--- WHAT YOU HAVE TO DO ---
Below, some lines carry pictures; leave those pictures out and retype exactly the lines from the one with "అంతా వాళ్లే: ఎమ్మెల్సీ" through the one with "Triple Room (1".

-- RECORDS SUPPLIED follows --

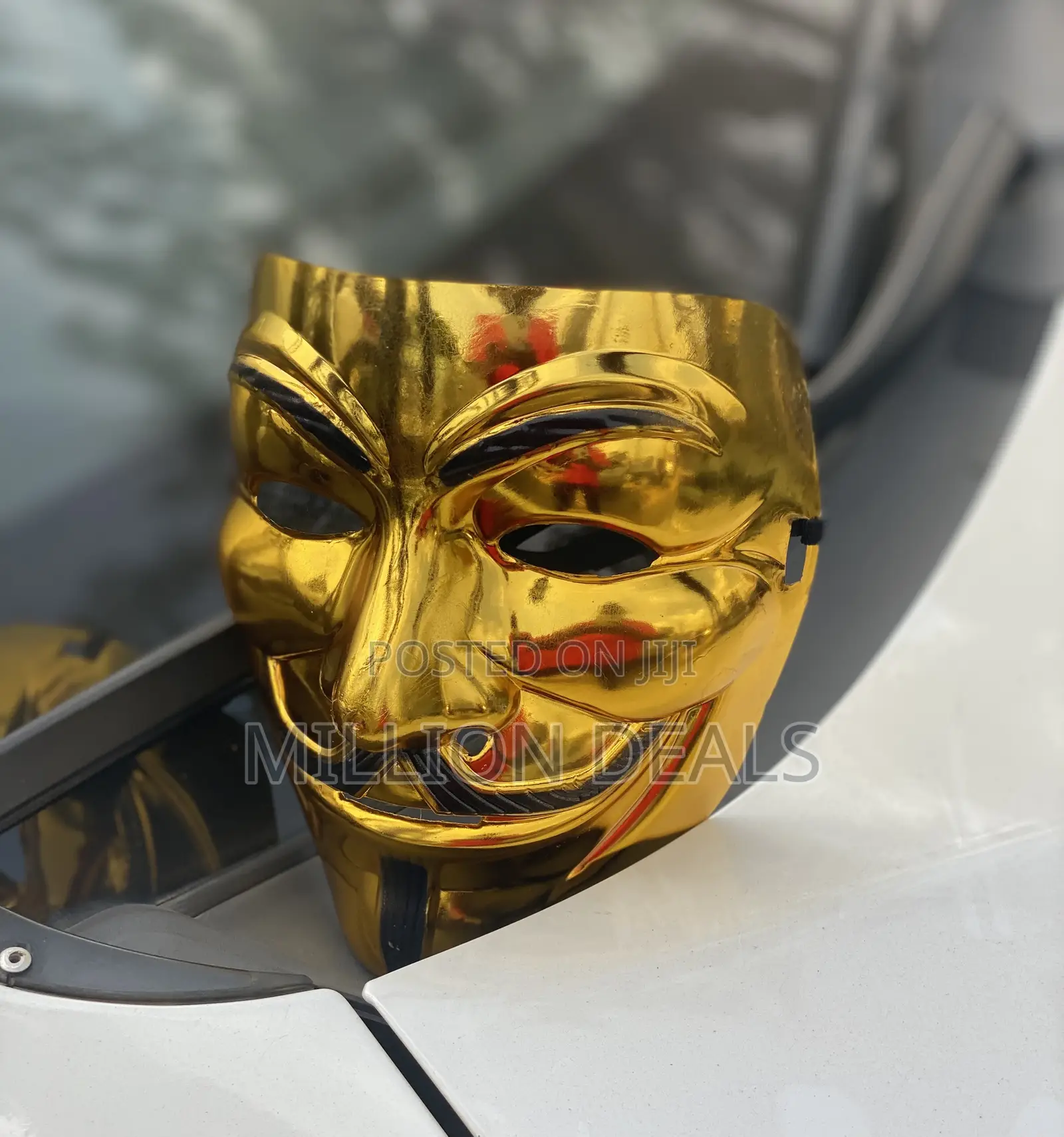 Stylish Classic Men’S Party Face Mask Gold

-- RECORDS SUPPLIED concluded --
-- RECORDS SUPPLIED follows --

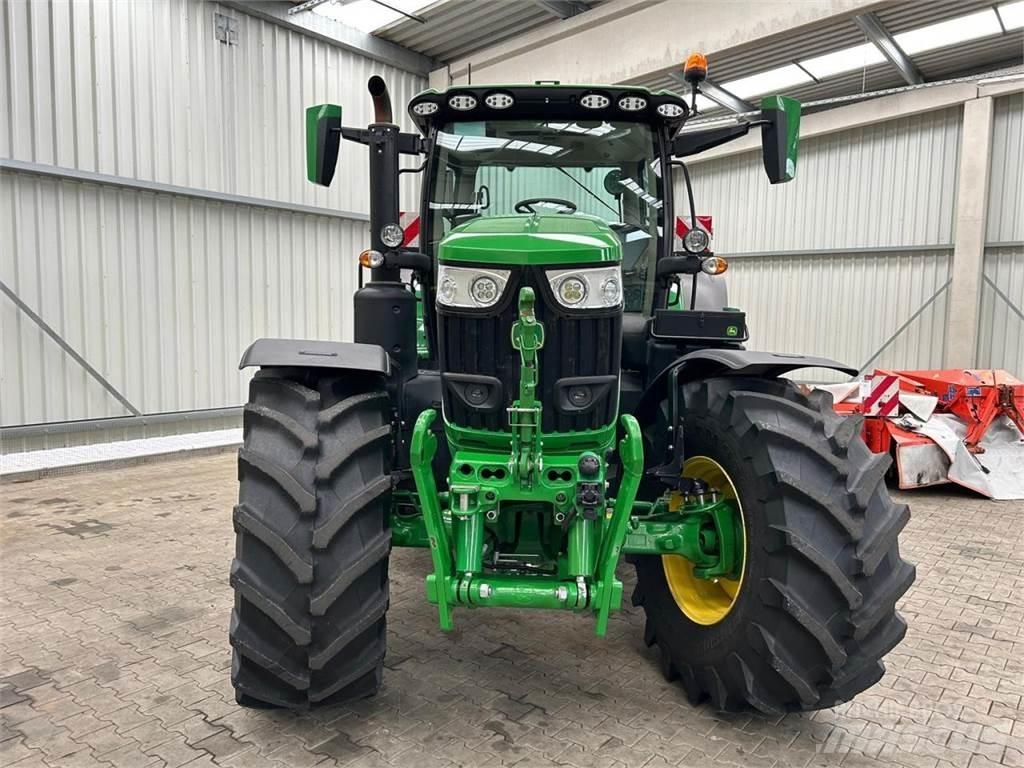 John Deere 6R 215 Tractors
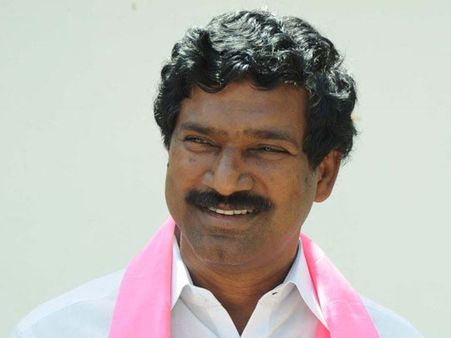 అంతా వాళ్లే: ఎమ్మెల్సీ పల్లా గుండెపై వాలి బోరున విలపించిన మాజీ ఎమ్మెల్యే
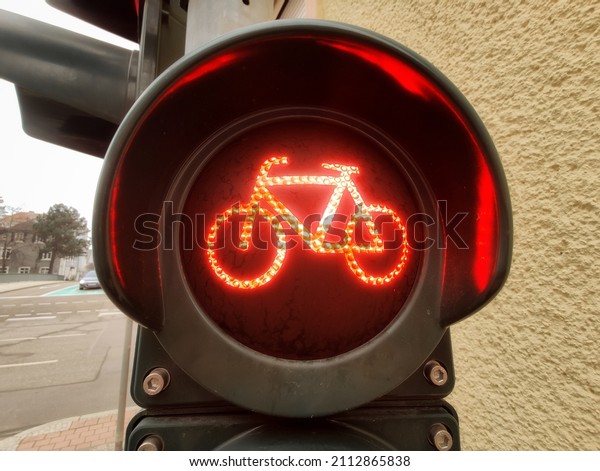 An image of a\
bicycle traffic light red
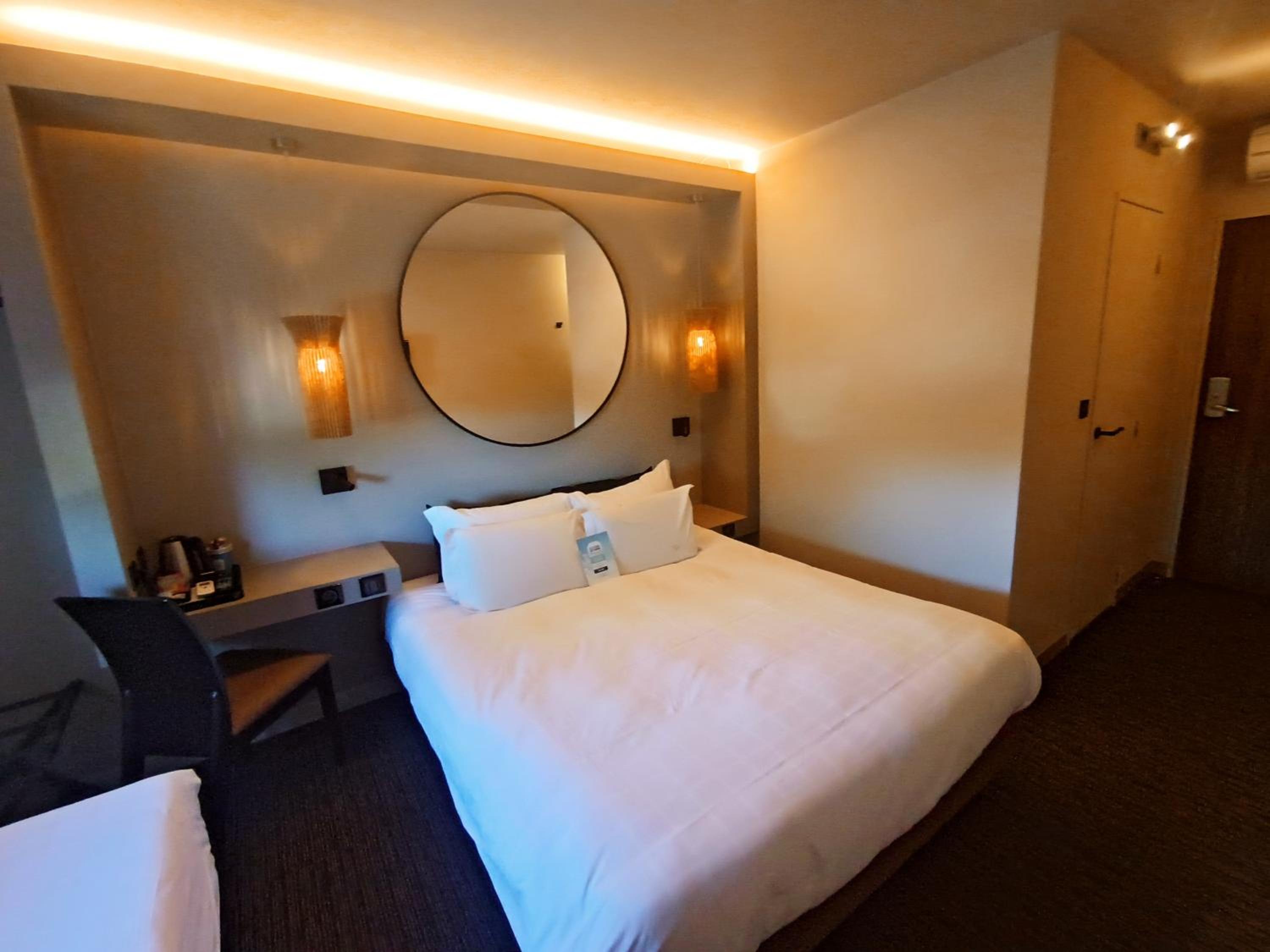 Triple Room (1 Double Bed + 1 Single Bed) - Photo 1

-- RECORDS SUPPLIED concluded --
-- RECORDS SUPPLIED follows --

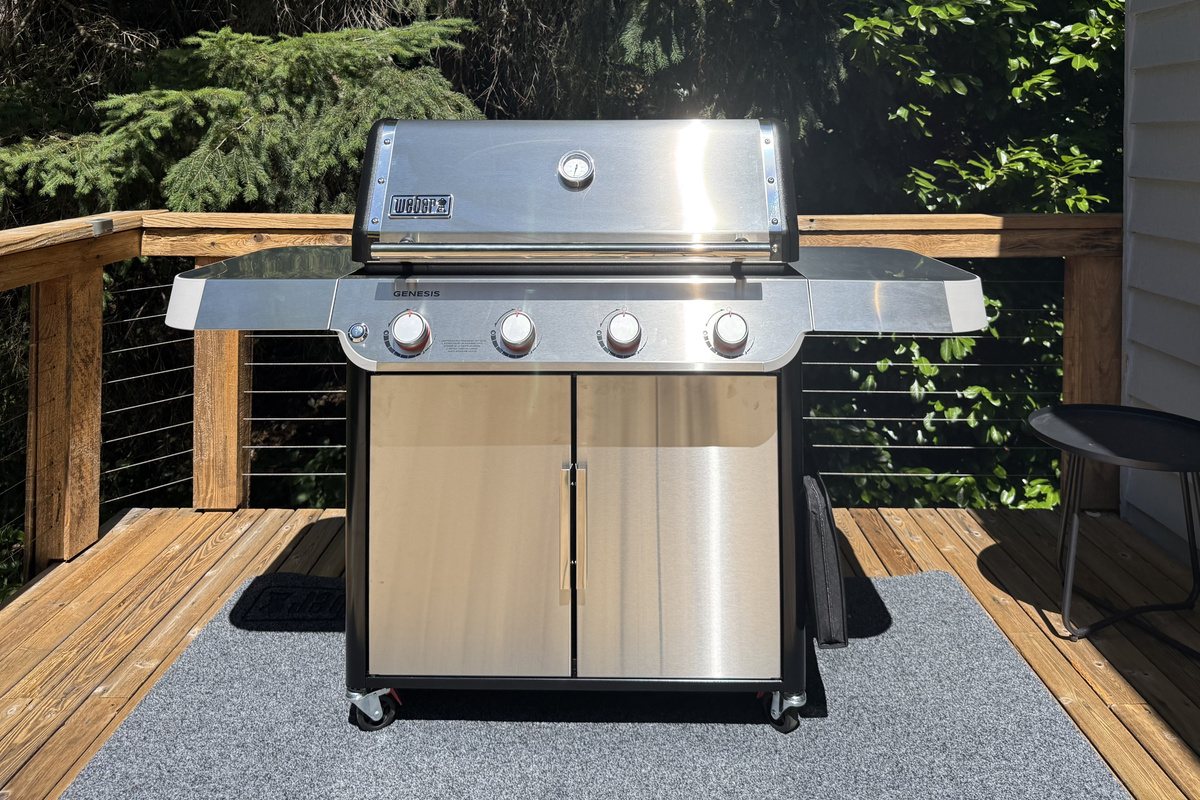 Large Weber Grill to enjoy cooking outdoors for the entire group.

-- RECORDS SUPPLIED concluded --

--- TASK RESULT ---
 అంతా వాళ్లే: ఎమ్మెల్సీ పల్లా గుండెపై వాలి బోరున విలపించిన మాజీ ఎమ్మెల్యే
 An image of a\
bicycle traffic light red
 Triple Room (1 Double Bed + 1 Single Bed) - Photo 1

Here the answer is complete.